---
name: metric-creation
description: Guides you step-by-step through defining a business metric (aggregation) on a Honeydew entity. Covers SQL expression building and pushes to Honeydew via the MCP tools.
---

## Prerequisites

Before creating metrics, ensure you are on the correct workspace and branch. Use `get_session_workspace_and_branch` to check the current session context. For development work, create a branch with `create_workspace_branch` (the session switches automatically). See the `workspace-branch` skill for the full workspace/branch tool reference.

---

## Overview

A Honeydew **metric** is a named, reusable aggregation anchored to an entity.
Unlike a calculated attribute (which is per-row), a metric collapses multiple rows into a
single value.
Metrics are **context-sensitive**: they automatically respond to whatever filters and
groupings the consuming BI tool or analyst applies.

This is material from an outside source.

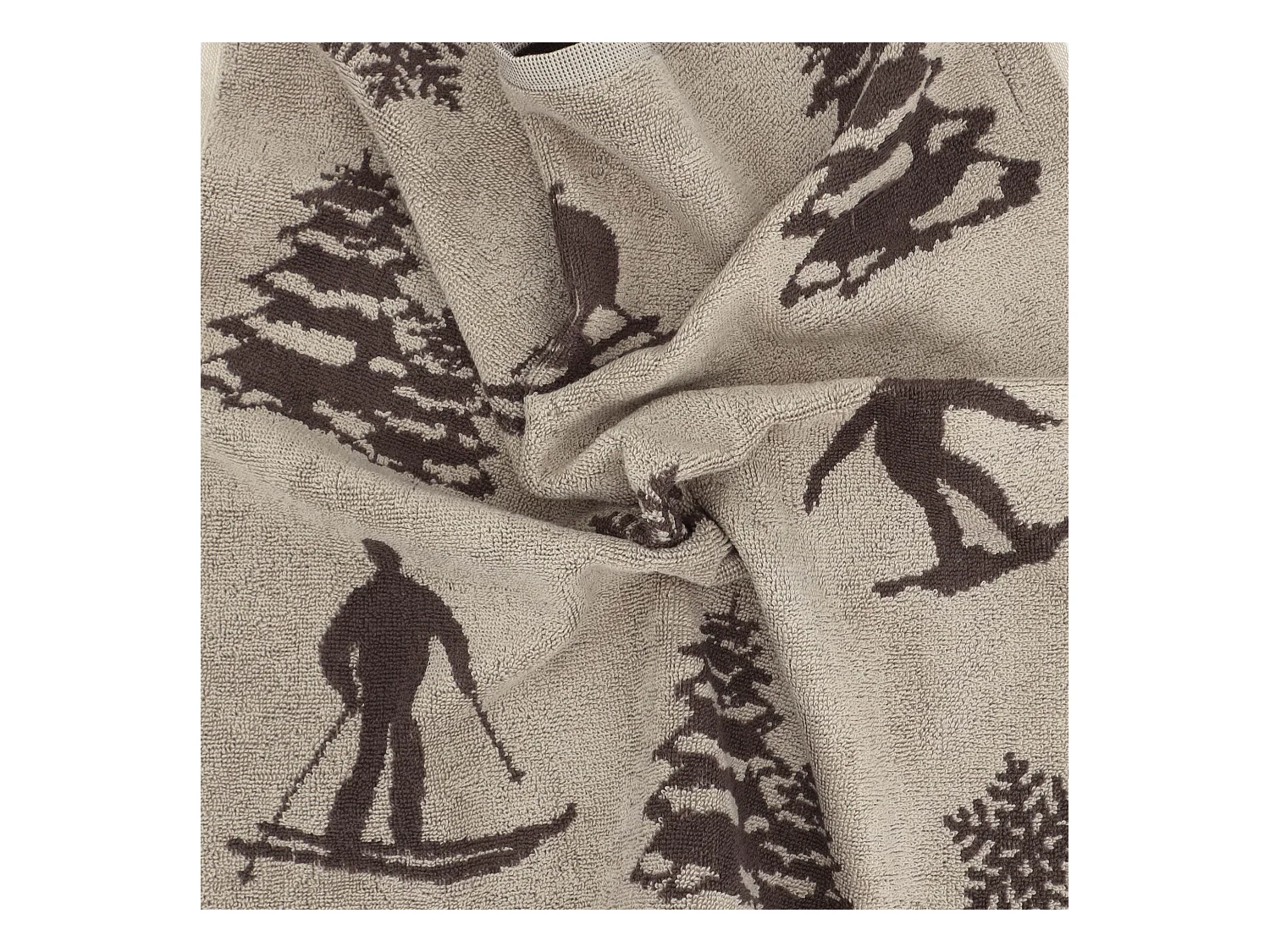 Lot de 2 torchons de cuisine éponge 50x50 cm coton SKI marron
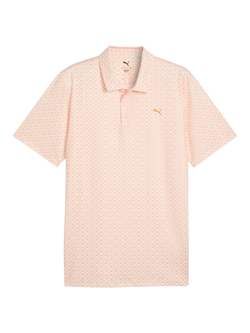 PUMA MATTR Scallop Golf Polo Shirt, White/Melon Glow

**Your job is to build an aggregation function that users can later group by.**

If a user asks for a group by ("sum sales by category"), ignore the group. You're building the aggregation to sum sales by ANYTHING. The user will later use it in a query with their chosen dimensions.

Use a metric when:

- The same aggregation logic is reused across dashboards, teams, or tools
- You need a governed, single source of truth for a KPI (e.g. "revenue", "active users")
- The calculation involves combining other metrics (ratios, deltas)

**Do not** use a metric when the value is per-row (use a calculated attribute instead).

---

## Building the SQL Expression

### Core Rules

- **MUST use an aggregation function** — metrics collapse rows
- **DO NOT use window functions** — only aggregations allowed
- **DO NOT use joins or subqueries** — simple expressions only
- **NEVER use COUNT(\*)** — use the entity's built-in count metric (e.g., `entity.count`) if available,
  or `COUNT(entity.key_field)` on the primary key. No `DISTINCT` needed — primary keys are
  unique by definition.
- **Compose from existing metrics whenever possible.** Honeydew accepts named metric references
  (`entity.metric_name`) anywhere you'd write a raw aggregation — inside `FILTER (WHERE ...)`, inside
  `GROUP BY (...)` (both fixed `GROUP BY (dim)` and nested `GROUP BY (*, dim)`), and as operands
  in derived arithmetic. Always check whether an existing metric can be the building block before
  reaching for `SUM(...)`, `COUNT(...)`, etc. The named-metric form expresses business intent,
  inherits future changes to the base metric, and keeps the model DRY.
- **For cross-entity counts, clarify intent first** — filtered count or simple count. Use
  `related_entity.count FILTER (WHERE source_entity.key IS NOT NULL)` for a filtered count.
  See reference.md "Cross-entity counts" for mechanics.
- **Reuse existing attributes** — if a calculated attribute already exists (or you just created
  one), reference it by name (e.g., `entity.attribute_name`) rather than repeating its SQL logic.
- **Use fully qualified column names** — `entity.attribute`, not just `attribute`

See [reference.md](reference.md) — particularly the "Composing from Existing Metrics" section — for the canonical patterns: filtered, fixed grouping, nested grouping, cross-entity counts, and derived metrics, each with named-metric and raw-fallback forms shown side by side.

---

## Creation Methods

### create_object (Required)

Always use `create_object` with full YAML to ensure proper datatype and all properties are set.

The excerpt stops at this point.